* **Exercise directions**
Reproduce the complete set of records, exactly as they appear.

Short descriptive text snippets
= Beginning of Section =

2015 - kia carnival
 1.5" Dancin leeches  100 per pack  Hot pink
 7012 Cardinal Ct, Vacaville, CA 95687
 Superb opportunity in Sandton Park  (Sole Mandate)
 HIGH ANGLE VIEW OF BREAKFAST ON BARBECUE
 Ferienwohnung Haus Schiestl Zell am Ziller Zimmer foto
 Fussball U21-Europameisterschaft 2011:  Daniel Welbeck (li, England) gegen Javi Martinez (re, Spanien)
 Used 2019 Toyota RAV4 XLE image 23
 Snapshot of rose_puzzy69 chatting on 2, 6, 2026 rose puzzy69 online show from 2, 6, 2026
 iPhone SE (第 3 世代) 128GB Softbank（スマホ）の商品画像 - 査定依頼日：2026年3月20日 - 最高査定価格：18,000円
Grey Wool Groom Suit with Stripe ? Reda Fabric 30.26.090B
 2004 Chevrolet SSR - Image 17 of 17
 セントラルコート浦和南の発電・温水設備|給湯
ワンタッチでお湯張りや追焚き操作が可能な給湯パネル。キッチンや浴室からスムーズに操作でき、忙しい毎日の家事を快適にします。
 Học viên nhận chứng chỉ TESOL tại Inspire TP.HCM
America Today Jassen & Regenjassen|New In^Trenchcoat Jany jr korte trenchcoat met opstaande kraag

= End of Section =

* **Task answer**
2015 - kia carnival
 1.5" Dancin leeches  100 per pack  Hot pink
 7012 Cardinal Ct, Vacaville, CA 95687
 Superb opportunity in Sandton Park  (Sole Mandate)
 HIGH ANGLE VIEW OF BREAKFAST ON BARBECUE
 Ferienwohnung Haus Schiestl Zell am Ziller Zimmer foto
 Fussball U21-Europameisterschaft 2011:  Daniel Welbeck (li, England) gegen Javi Martinez (re, Spanien)
 Used 2019 Toyota RAV4 XLE image 23
 Snapshot of rose_puzzy69 chatting on 2, 6, 2026 rose puzzy69 online show from 2, 6, 2026
 iPhone SE (第 3 世代) 128GB Softbank（スマホ）の商品画像 - 査定依頼日：2026年3月20日 - 最高査定価格：18,000円
Grey Wool Groom Suit with Stripe ? Reda Fabric 30.26.090B
 2004 Chevrolet SSR - Image 17 of 17
 セントラルコート浦和南の発電・温水設備|給湯
ワンタッチでお湯張りや追焚き操作が可能な給湯パネル。キッチンや浴室からスムーズに操作でき、忙しい毎日の家事を快適にします。
 Học viên nhận chứng chỉ TESOL tại Inspire TP.HCM
America Today Jassen & Regenjassen|New In^Trenchcoat Jany jr korte trenchcoat met opstaande kraag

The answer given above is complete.